Last night, the Orpheus Chamber Orchestra gave a concert in Carnegie Hall. Orpheus is a riderless horse, as I call them: an orchestra without a conductor. Last night, they began with an OOMP—an obligatory opening modern piece—by Vijay Iyer. A creditable piece it is, too. I will write about it in my forthcoming “chronicle” for the print magazine. The concert ended with a Beethoven symphony, the First.
In between came a Mozart piano concerto: No. 9 in E flat, K. 271, known as the “Jeunehomme.” The soloist was André Watts, the veteran American pianist. I was a little nervous. How would he play? What condition is he in?
Over the years, I have occasionally heard senior musicians—former stars, if you will—and decided not to write about them. Too sad.
I am happy to write about Mr. Watts. In the first movement, he did some beautiful trilling. He has always been able to do that. If memory serves, he once said, “I can trill so fast, the two notes blur into one.” (A pianist of my acquaintance cracked, “Why trill?”) He was relatively free in this first movement—with tempo, with phrasing, with pedal—but ever tasteful. He could have been more crisp in his playing. More crisp in his articulation. But he did not seem to suffer from undue tightness—tightness of arms—which was gratifying.
In the second movement—the Andantino, that masterly thing (like the concerto at large)—he was occasionally a little mannered. I like more of an inevitability, more momentum. But at least he wasn’t dainty, which is an error of pianists here. And he was totally sincere.
What’s more, he played an interesting cadenza. Frankly, it was interesting that this movement had a cadenza at all. Does it usually? Maybe I have been sleeping.
There was a cadenza in the third movement—the closing Rondo—too, if I’m not mistaken. And I was glad to hear it. Yet Mr. Watts fell down somewhat in the Rondo. It was very uncrisp, even sloppy. Muddled.
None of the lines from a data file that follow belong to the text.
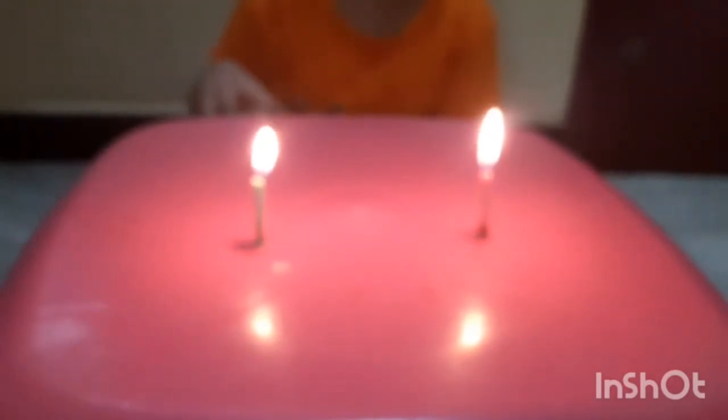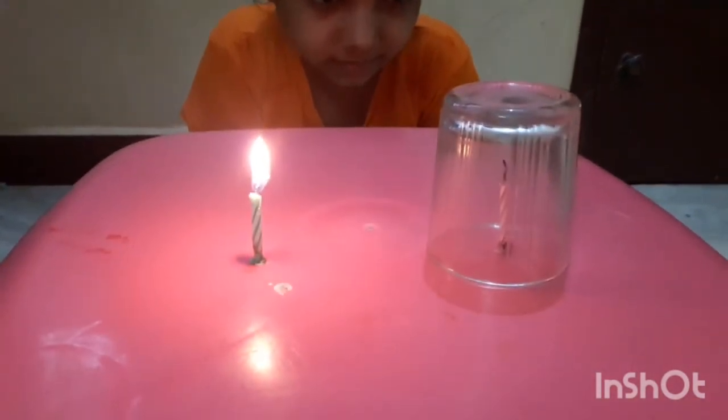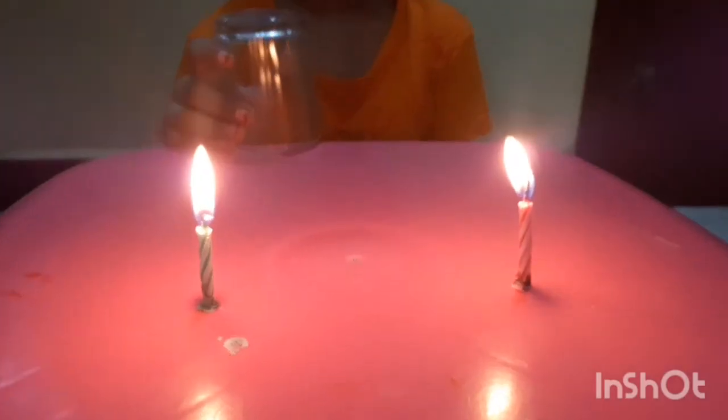Now close one candle with the glass tumbler and wait and see what happens. The covered candle stops burning. Let us observe some more.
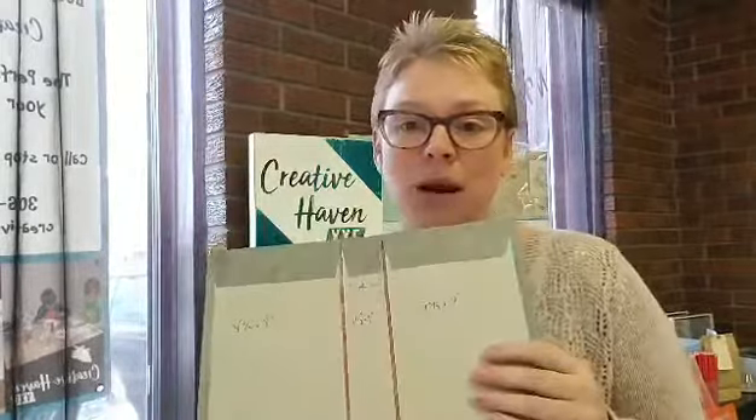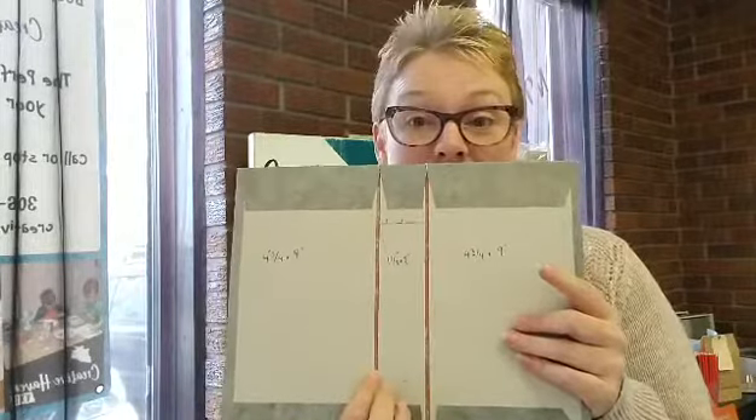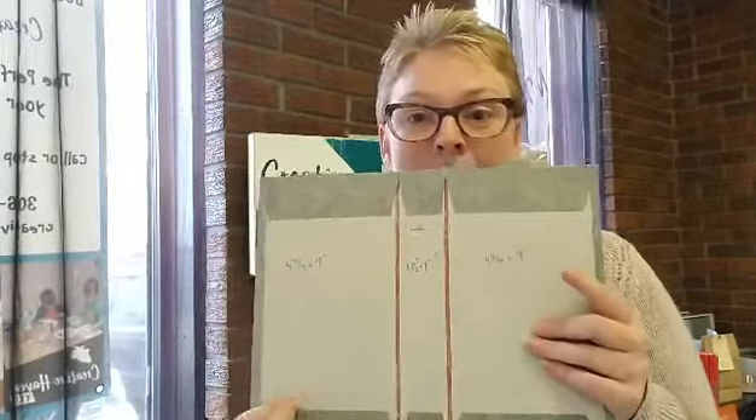Whether you're using cardstock or contact paper, whatever you're using to wrap around your chipboard pieces, just make sure there is at least a five millimeter space on either side of the spine. That's all for today's tip.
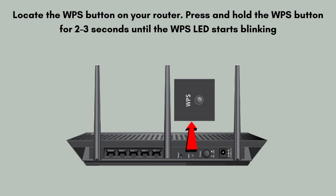Locate the WPS button on your router. Press and hold the WPS button for 2 to 3 seconds until the WPS LED starts blinking. The blinking method depends on the router brand — check your router manual if unsure.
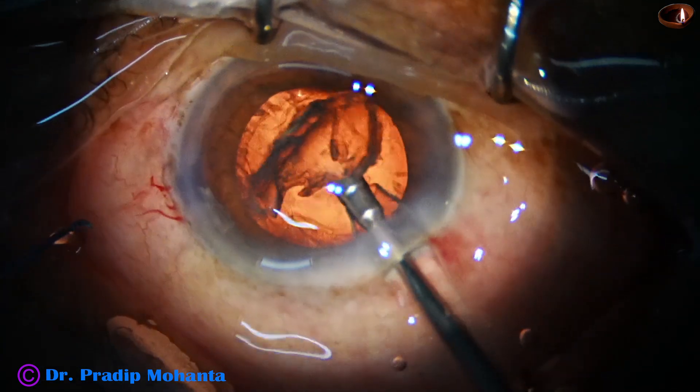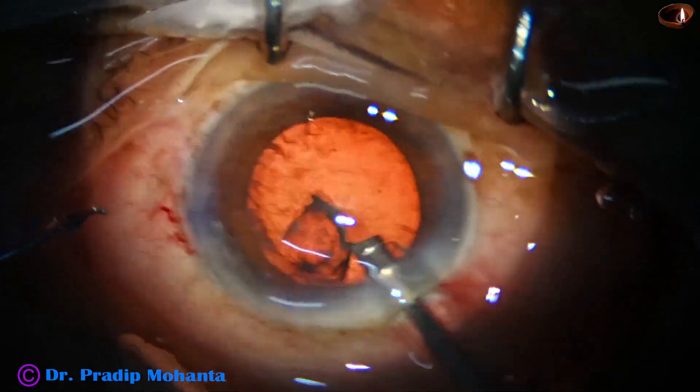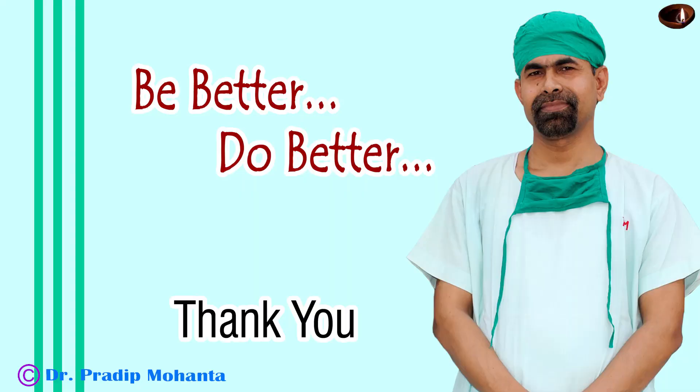Now after injecting some viscoelastic, the epinucleus is cleaned. Thank you very much for your attention.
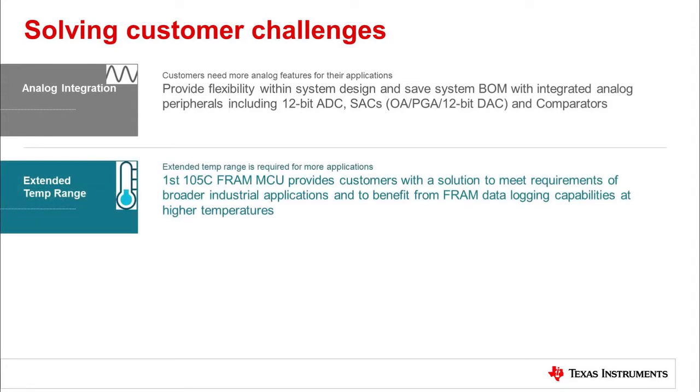This series of MCUs supports extended operating temperatures of up to 105°C, which allows for high temperature applications such as smoke detectors, sensor transmitters, circuit breakers, and many others to benefit from FRAM data logging capabilities.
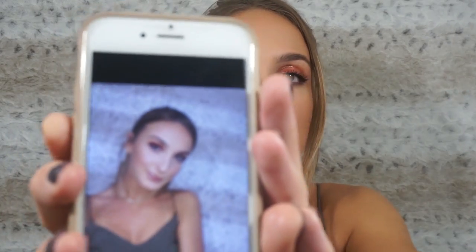I want to do a flash test to see how this foundation handles flashback — you know, when you take a group picture at night and you look like a white ghost. So let's see. That's what it looks like with flash photography. There's a little bit of a cast, but that's probably because the foundation is too light for me. Usually with bad flashback your whole face is white, and that's not the case here. I'd say it's definitely flash-approved, especially if you get the right color.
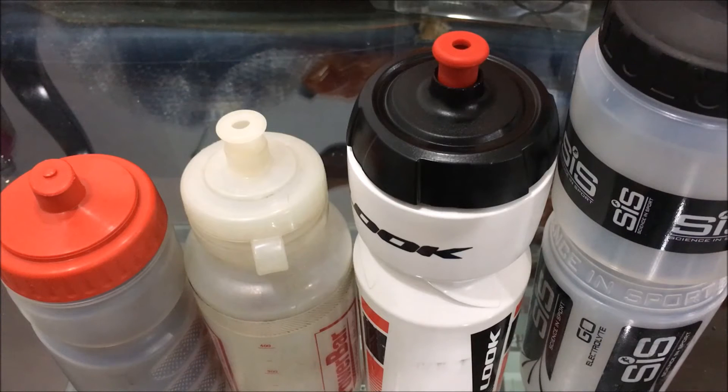That link will take you to a video on how to make your own energy drinks. It's a video I did some time ago. This subject came up among some people I was cycling with fairly recently. If you're interested in making your own cycling drinks, I have done a video on this. There are plenty of recipes online, but I just take you through the process that I do to make my own energy drinks.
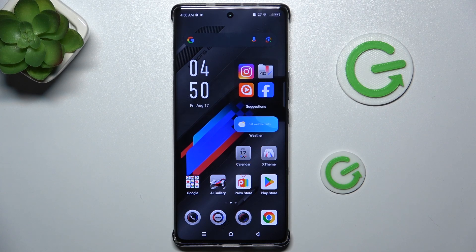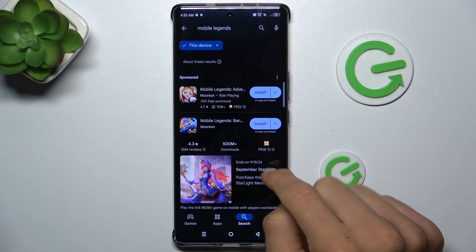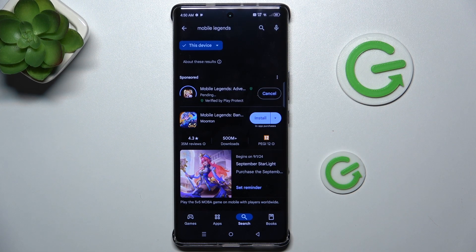Hi guys, welcome to Hardest Info Channel. Today I have the Infinix Note 40 Pro Plus and I want to show you how to fix the problem when your Google Play Store installs get stuck pending on this device.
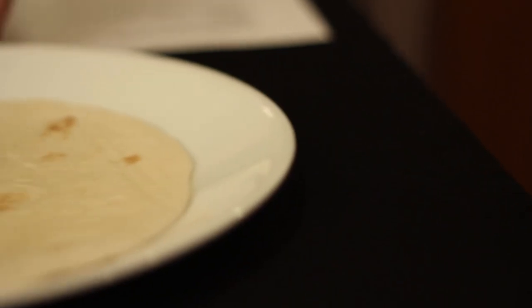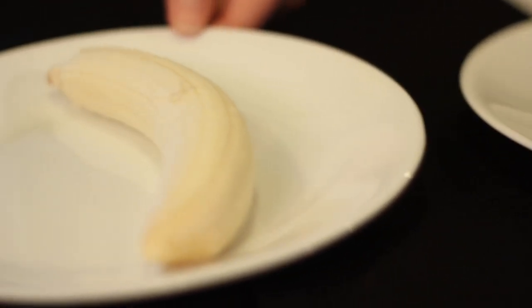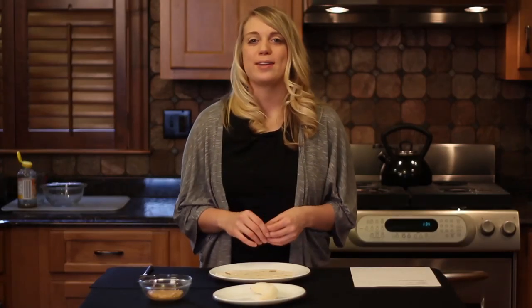In order to make this recipe, you'll need the following ingredients: one large tortilla wrap, one peeled banana, and two tablespoons of peanut butter. This recipe is super simple and great for kids.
And this movement relies on crispness, to go with an overall playfulness.
Be that as it may, André Watts acquitted himself well on this evening, and many of us were very pleased to see him.
I will give you a couple of footnotes. Watts had music—sheet music—at the ready, but he never used it, that I noticed. Now and then, he’d turn the pages to catch up to where he and the orchestra were.
Also, there was applause between movements (as between movements of the opening piece by Vijay Iyer). Before the concert, the executive director of the Orpheus Chamber Orchestra, Alexander Scheirle, did some talking, and in the course of his remarks he mentioned that there were 600 children in attendance, free of charge. Was it they who were applauding?
I think Watts and the orchestra should have acknowledged the applause, however briefly or modestly. Mozart would have, I feel sure. (I can’t vouch for Mr. Iyer.)